● Brief
Set down the whole listing below exactly. The pictures stay out.

● Collected data
= Beginning of Section =
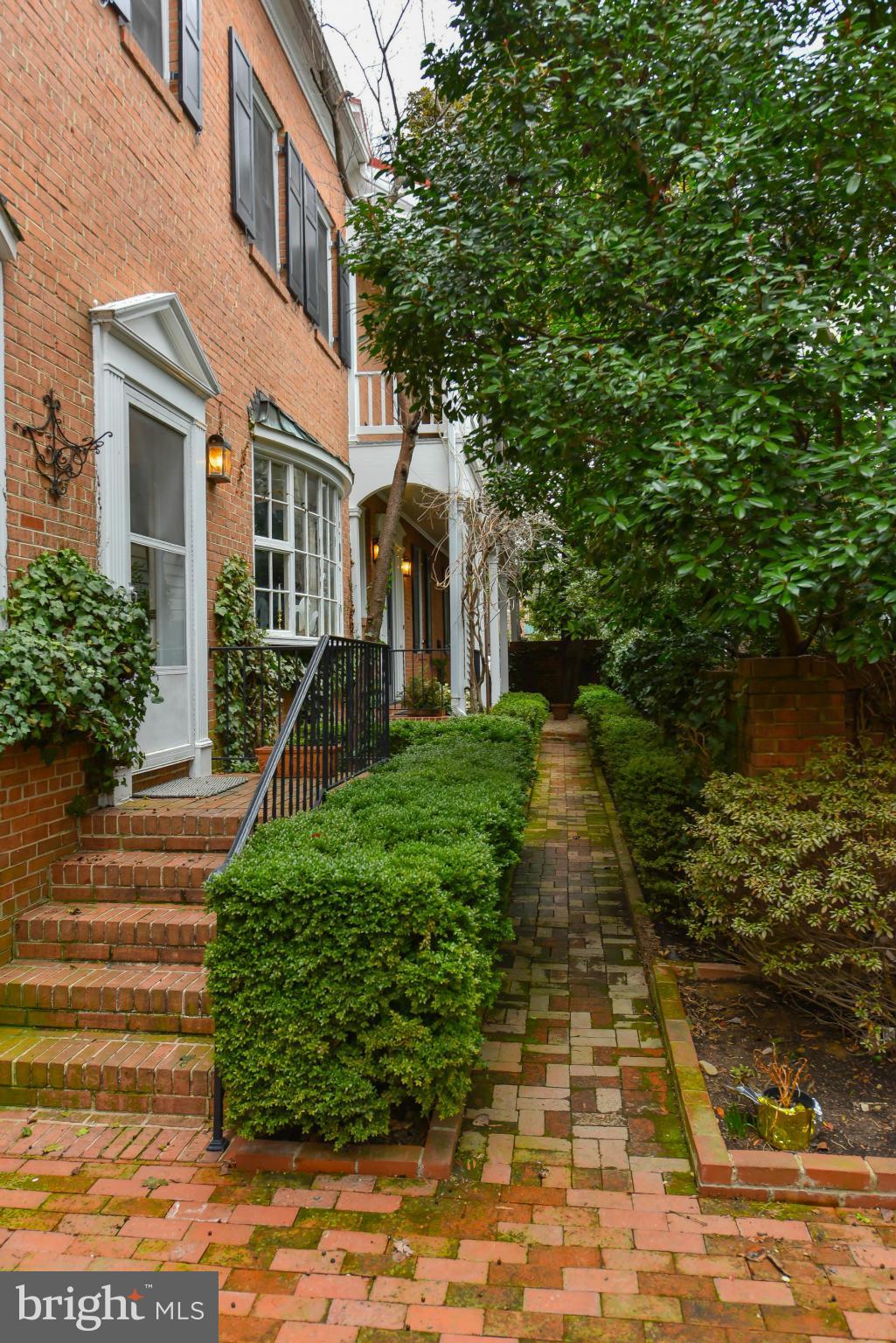 412 Wolfe Street Alexandria, VA 22314 - Photo 29 of 30 Exterior (General)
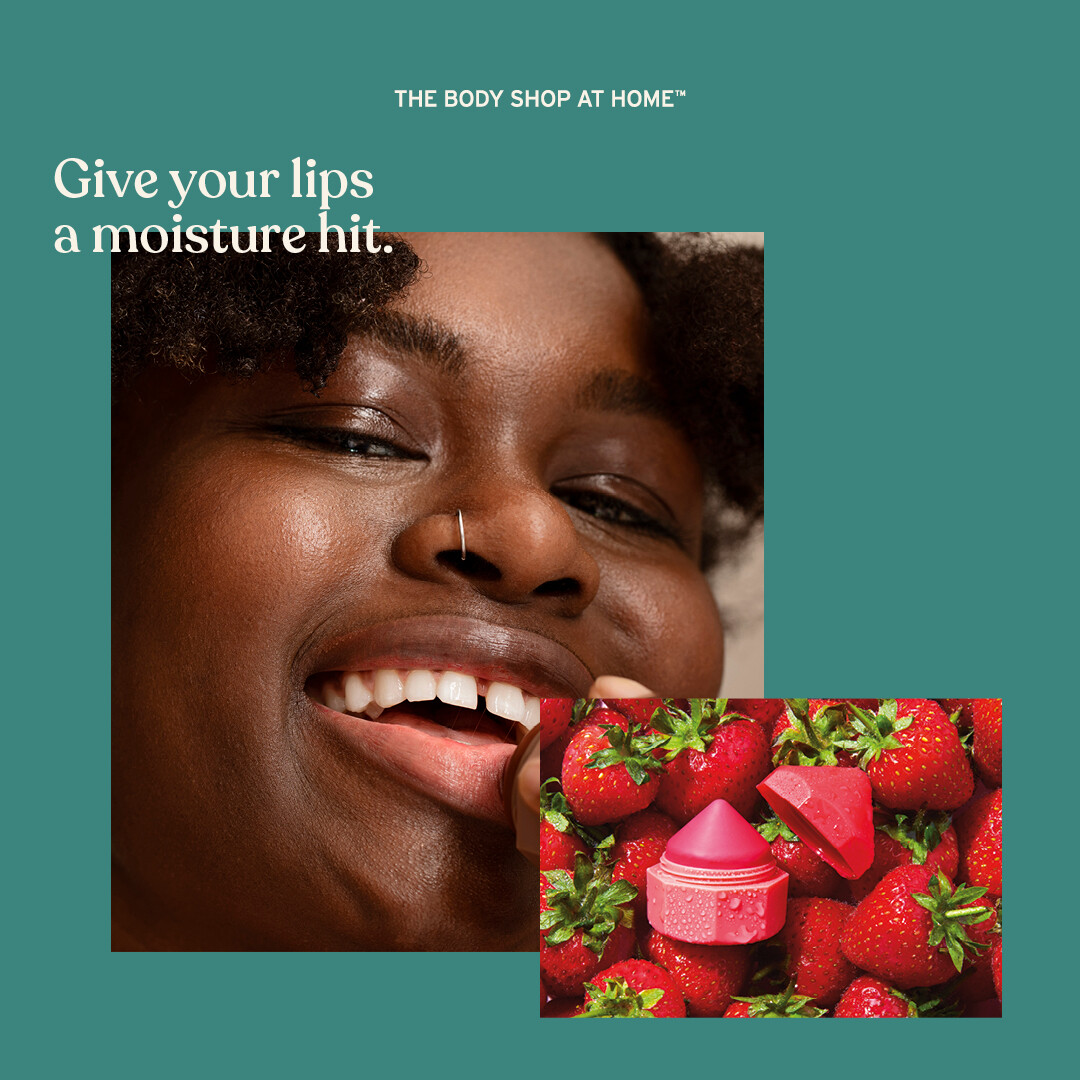 DefineYURBeauty's tweet photo. Enriched with #CommunityFairTrade #SheaButter, marula oil, and organic olive oil for an intense burst of hydration. 👄👄
If you want to find your new favourite Lip Juicer and give your lips a splash of colour, speak to me and get your order in! 

#Skincare #LipBalm#Vegan https://t.co/GKNZsQCdwv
= End of Section =
● Written solution
 412 Wolfe Street Alexandria, VA 22314 - Photo 29 of 30 Exterior (General)
 DefineYURBeauty's tweet photo. Enriched with #CommunityFairTrade #SheaButter, marula oil, and organic olive oil for an intense burst of hydration. 👄👄
If you want to find your new favourite Lip Juicer and give your lips a splash of colour, speak to me and get your order in! 

#Skincare #LipBalm#Vegan https://t.co/GKNZsQCdwv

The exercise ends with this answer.